Macario is making 9 pounds of nut mixture with macadamia nuts and almonds. Macadamia nuts cost $8 per pound and almonds cost $5.25 per pound. How many pounds of almonds and how many pounds of macadamia nuts should Macario use for the mixture to cost $61.00 to make.
If there are x lbs of almonds, then the rest (9-x) is macadamias.
So, now just make sure the value of the parts adds up to the value of the mix:
5.25x + 8.00(9-x) = 61.00
To solve this problem, we can set up a system of equations to represent the given information. Let's use "x" to represent the number of pounds of macadamia nuts and "y" to represent the number of pounds of almonds.
From the problem, we know that Macario is making a total of 9 pounds of nut mixture. So, our first equation is:
x + y = 9 (equation 1)
We also know that macadamia nuts cost $8 per pound and almonds cost $5.25 per pound. The total cost of the mixture is $61.00. The cost of macadamia nuts used is 8x, and the cost of almonds used is 5.25y. Therefore, our second equation is:
8x + 5.25y = 61 (equation 2)
Now, we can solve this system of equations using substitution or elimination. Let's use substitution.

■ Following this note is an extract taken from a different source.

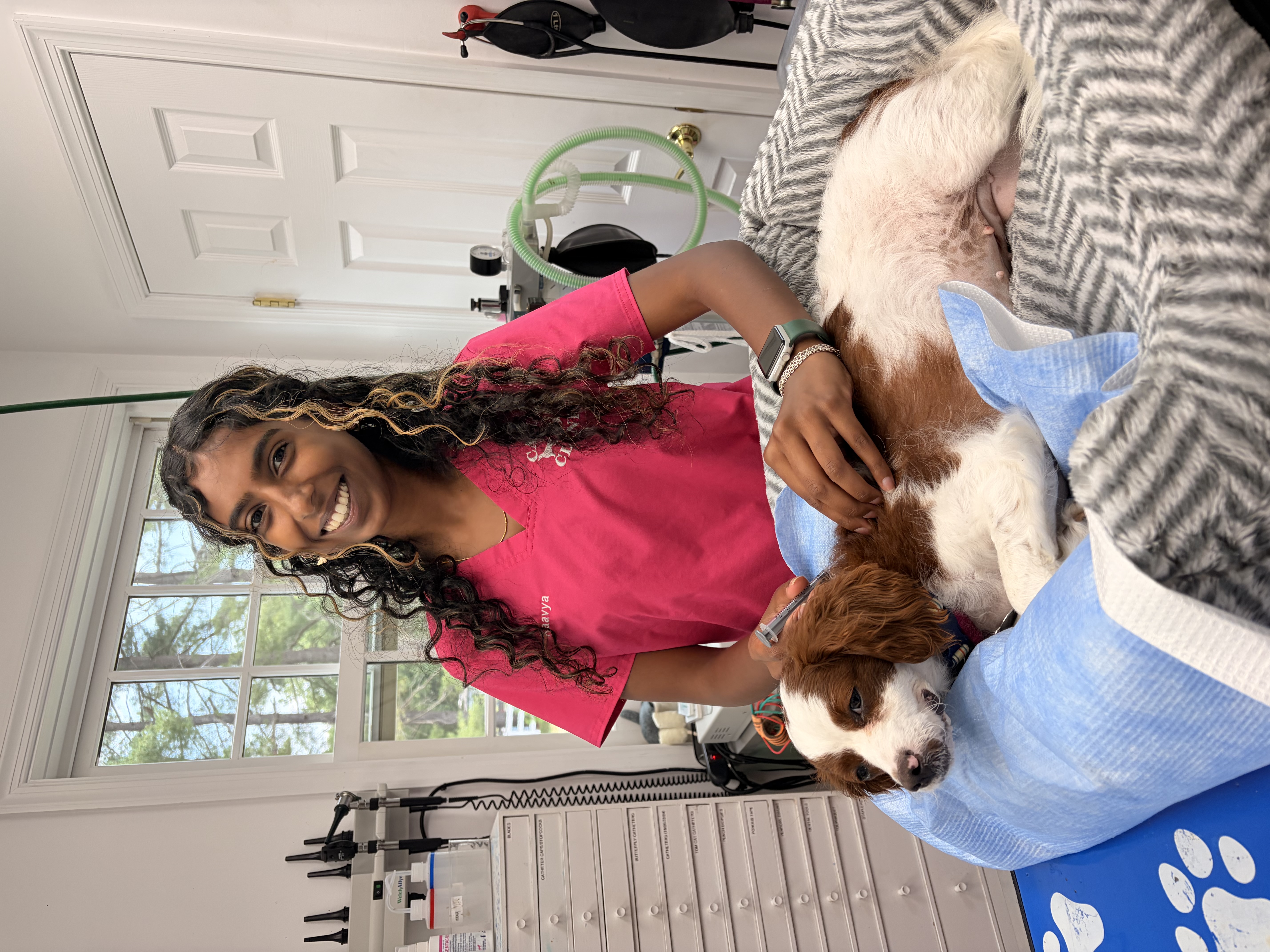 A woman with curly brown hair and blonde highlights wears pink scrubs and poses with a brown and white dog in a dog bed. Behind her are medical devices, tubing, and a window.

From equation 1, we can rearrange it to solve for x:
x = 9 - y (equation 3)
Now, substitute equation 3 into equation 2:
8(9 - y) + 5.25y = 61
Expand and simplify:
72 - 8y + 5.25y = 61
Combine like terms:
-2.75y = -11
Divide both sides by -2.75 to solve for y:
y = 4
Now that we have the value of y, substitute it back into equation 3 to find x:
x = 9 - 4 = 5
Therefore, Macario should use 5 pounds of macadamia nuts and 4 pounds of almonds for the mixture to cost $61.00 to make.